# SAMPLE()

In [2]:
import pyspark
from pyspark.sql import SparkSession
from pyspark.sql.functions import *
from pyspark.sql.types import *

spark = (
    SparkSession.builder
    .appName("example-sample-resample")
    .getOrCreate()
)

## Using fraction to get a random sample in PySpark

By using fraction between 0 to 1, it returns the approximate number of the fraction of the dataset. For example, 0.1 returns 10% of the rows. However, this does not guarantee it returns the exact 10% of the records

In [3]:
# My DataFrame has 100 records and I wanted to get 6% sample records which are 6 but the sample() function returned 7 records. 
# This proves the sample function doesn’t return the exact fraction specified.
df = spark.range(100)
print(df.sample(0.06).collect())

[Row(id=30), Row(id=32), Row(id=65), Row(id=76), Row(id=91), Row(id=97)]

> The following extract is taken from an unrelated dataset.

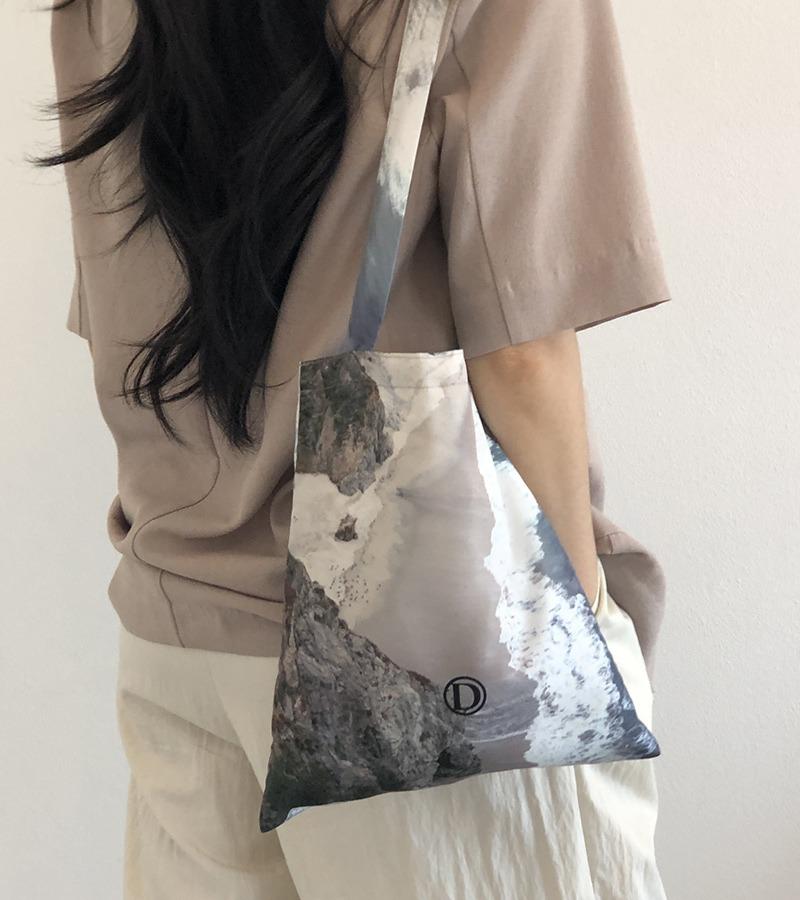 숄더백 /샌드스톤 (재입고)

## Using seed to reproduce the same Samples in PySpark

Every time you run a sample() function it returns a different set of sampling records, however sometimes during the development and testing phase you may need to regenerate the same sample every time as you need to compare the results from your previous run. To get consistent same random sampling uses the same slice value for every run. Change slice value to get different results.

In [4]:
print(df.sample(0.1,123).collect())

print(df.sample(0.1,123).collect())

print(df.sample(0.1,456).collect())


[Row(id=35), Row(id=38), Row(id=41), Row(id=45), Row(id=71), Row(id=84), Row(id=87), Row(id=99)]
[Row(id=35), Row(id=38), Row(id=41), Row(id=45), Row(id=71), Row(id=84), Row(id=87), Row(id=99)]
[Row(id=22), Row(id=33), Row(id=35), Row(id=41), Row(id=53), Row(id=80), Row(id=83), Row(id=87), Row(id=92)]


## Sample withReplacement (May contain duplicates)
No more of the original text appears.